6. Radula well developed comprising 17 teeth.
7. Intestine coiled with a terminal anus.
8. A pair of nephridia extending from pericardium to the lateral groove.
9. A pair of gonoducts without relation to the pericardium.
10. Sexes are separate (dioecious).
Order 1. Lepidopleurida:
1. Valves of the shell without insertion plates, or if present without insertion teeth.
Examples:
Lepidopleurus, Hanleya.
Order 2. Chitonina:
1. Valves of the shell with insertion plates and teeth.
Examples:
Tonicella, Chiton, Cryptochiton, Choneplex.
Class 3. Monoplacophora: (Gr., monos – one + plax + plate + pherein – bearing)
1. Body bilaterally symmetrical and segmented.
2. Shell comprises single piece or valve.
3. Head without eyes and tentacles.
4. Foot flat and ventral.
5. Mantle encircles the body as a circular fold of the body wall.

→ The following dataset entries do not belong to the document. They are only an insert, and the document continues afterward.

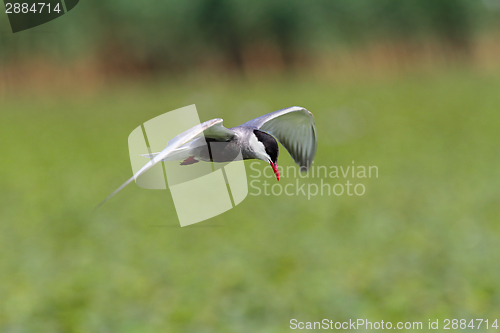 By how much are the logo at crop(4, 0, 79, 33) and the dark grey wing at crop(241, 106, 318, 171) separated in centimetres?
19

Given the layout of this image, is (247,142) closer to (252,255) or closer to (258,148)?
(258,148)

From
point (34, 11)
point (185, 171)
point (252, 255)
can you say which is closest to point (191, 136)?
point (185, 171)

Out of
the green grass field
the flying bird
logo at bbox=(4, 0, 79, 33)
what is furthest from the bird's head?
the green grass field

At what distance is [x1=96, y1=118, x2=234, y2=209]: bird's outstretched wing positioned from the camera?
0.30 meters

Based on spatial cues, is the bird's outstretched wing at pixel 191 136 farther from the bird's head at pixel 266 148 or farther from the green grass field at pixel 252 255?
the green grass field at pixel 252 255

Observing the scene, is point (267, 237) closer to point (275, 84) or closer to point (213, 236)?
point (213, 236)

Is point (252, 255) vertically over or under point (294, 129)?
under

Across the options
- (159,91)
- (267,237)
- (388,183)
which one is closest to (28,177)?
(267,237)

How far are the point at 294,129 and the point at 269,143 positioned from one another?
67 mm

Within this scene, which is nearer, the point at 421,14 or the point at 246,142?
the point at 246,142

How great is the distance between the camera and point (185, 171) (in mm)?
344

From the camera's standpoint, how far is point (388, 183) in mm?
7168

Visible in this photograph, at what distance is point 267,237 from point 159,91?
4.63 metres

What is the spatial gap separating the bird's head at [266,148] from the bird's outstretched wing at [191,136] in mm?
21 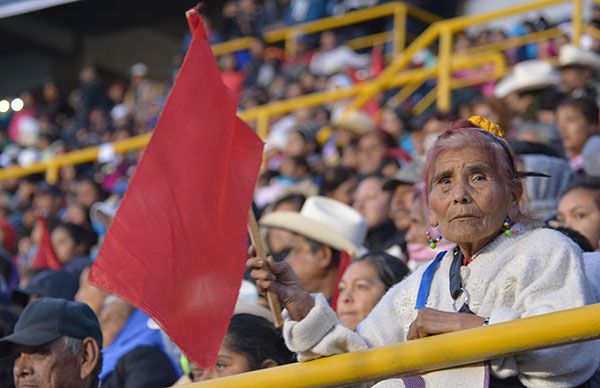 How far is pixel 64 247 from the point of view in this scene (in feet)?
27.5

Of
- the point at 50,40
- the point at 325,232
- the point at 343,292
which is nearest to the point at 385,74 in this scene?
the point at 325,232

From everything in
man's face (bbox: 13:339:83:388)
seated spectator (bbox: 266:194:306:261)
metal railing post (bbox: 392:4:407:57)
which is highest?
man's face (bbox: 13:339:83:388)

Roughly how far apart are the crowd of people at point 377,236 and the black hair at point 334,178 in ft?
0.04

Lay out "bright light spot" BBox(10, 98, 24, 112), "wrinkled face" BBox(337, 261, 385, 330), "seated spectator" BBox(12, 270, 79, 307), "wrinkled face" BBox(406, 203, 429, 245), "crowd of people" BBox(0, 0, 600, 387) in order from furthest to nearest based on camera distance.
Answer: "bright light spot" BBox(10, 98, 24, 112) → "seated spectator" BBox(12, 270, 79, 307) → "wrinkled face" BBox(406, 203, 429, 245) → "wrinkled face" BBox(337, 261, 385, 330) → "crowd of people" BBox(0, 0, 600, 387)

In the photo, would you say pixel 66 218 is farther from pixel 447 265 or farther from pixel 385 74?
pixel 447 265

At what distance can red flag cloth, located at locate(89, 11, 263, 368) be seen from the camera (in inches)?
133

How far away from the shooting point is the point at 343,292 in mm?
4859

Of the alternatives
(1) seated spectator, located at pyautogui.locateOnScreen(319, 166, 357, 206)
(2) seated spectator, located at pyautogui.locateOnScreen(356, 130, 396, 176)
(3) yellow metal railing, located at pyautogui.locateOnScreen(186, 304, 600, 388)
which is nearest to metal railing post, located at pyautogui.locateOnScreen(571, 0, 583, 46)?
(2) seated spectator, located at pyautogui.locateOnScreen(356, 130, 396, 176)

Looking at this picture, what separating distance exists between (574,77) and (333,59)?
4.97 m

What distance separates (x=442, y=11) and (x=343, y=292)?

6. Gills external and serially arranged.
7. Five pairs of nephridia serially arranged.
8. Sexes separate (dioecious).
Examples:
Class 4. Gastropoda: (Gr., gaster = belly + podos = foot):
1. Gastropods are marine, freshwater, terrestrial and few parasitic on echinoderms.
2. Body un-segmented, asymmetrical typically with a univalve, spirally coiled shell.
3. Head distinct bearing tentacles, eyes and mouth.
4. Foot is ventral, broad, flat and muscular forming the creeping sole and often bearing dorsally a hard piece, the operculum on its posterior end.
5. Visceral mass spirally coiled exhibiting torsion.
6. Mantle is a collar-like fold of body wall, lining the body whorl leaving a space, the mantle cavity, between itself and the body.
7. Buccal cavity contains an odontophore with a radula bearing rows of chitinous teeth.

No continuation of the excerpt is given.